Recorded data
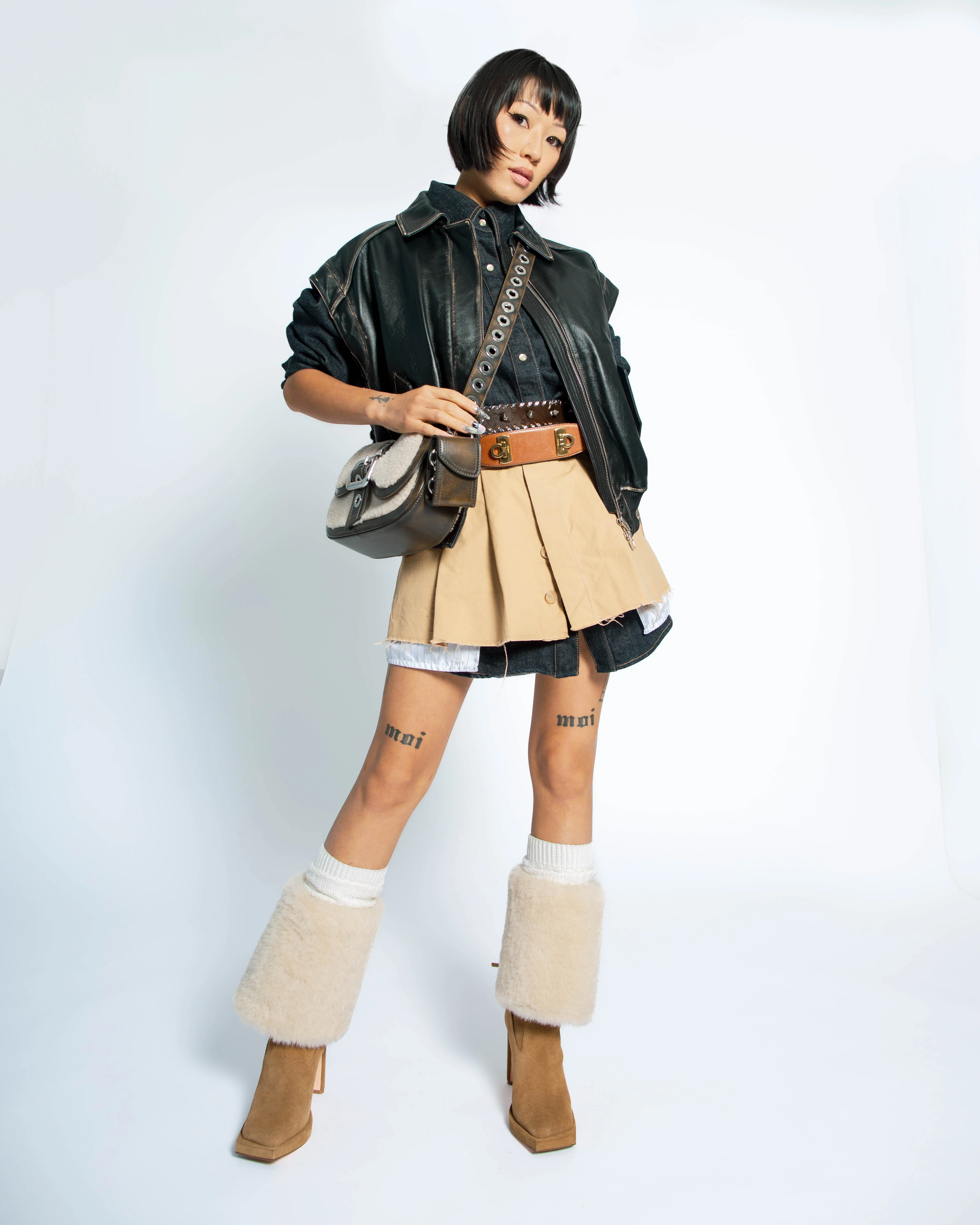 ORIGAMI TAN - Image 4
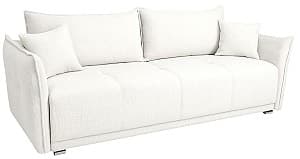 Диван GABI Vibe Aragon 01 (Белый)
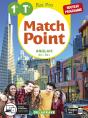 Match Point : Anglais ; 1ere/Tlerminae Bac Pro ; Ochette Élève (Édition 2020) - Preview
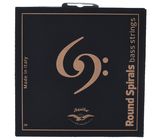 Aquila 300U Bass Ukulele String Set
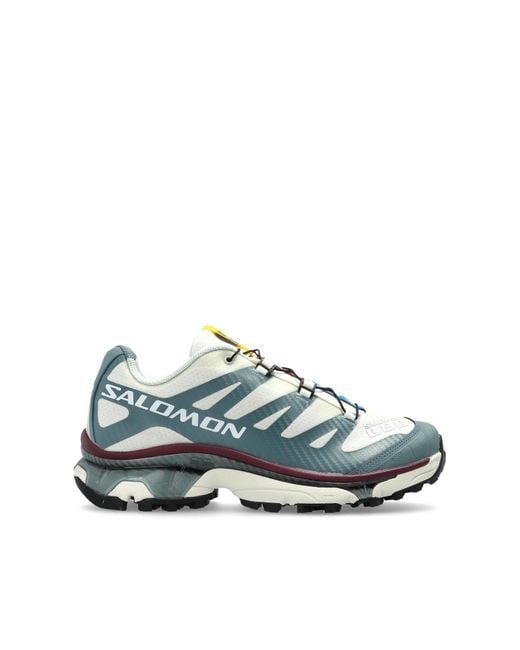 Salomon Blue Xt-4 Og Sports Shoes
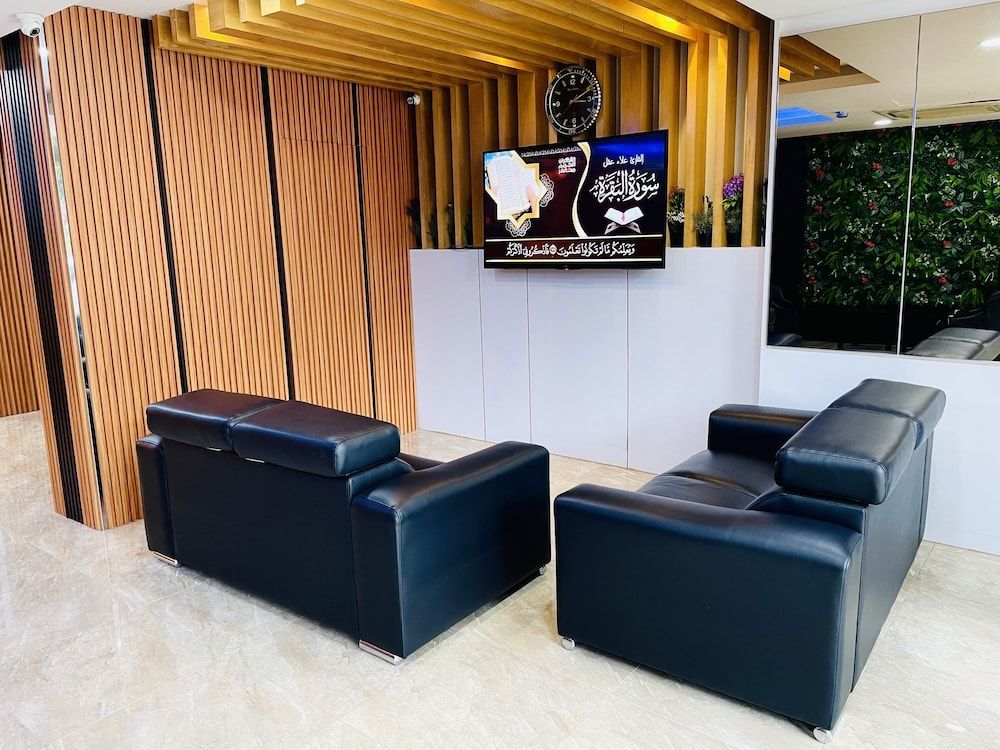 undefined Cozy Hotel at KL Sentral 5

What is required
Repeat each entry precisely as it appears. Leave the pictures out.

Exercise output
 ORIGAMI TAN - Image 4
 Диван GABI Vibe Aragon 01 (Белый)
 Match Point : Anglais ; 1ere/Tlerminae Bac Pro ; Ochette Élève (Édition 2020) - Preview
 Aquila 300U Bass Ukulele String Set
 Salomon Blue Xt-4 Og Sports Shoes
 undefined Cozy Hotel at KL Sentral 5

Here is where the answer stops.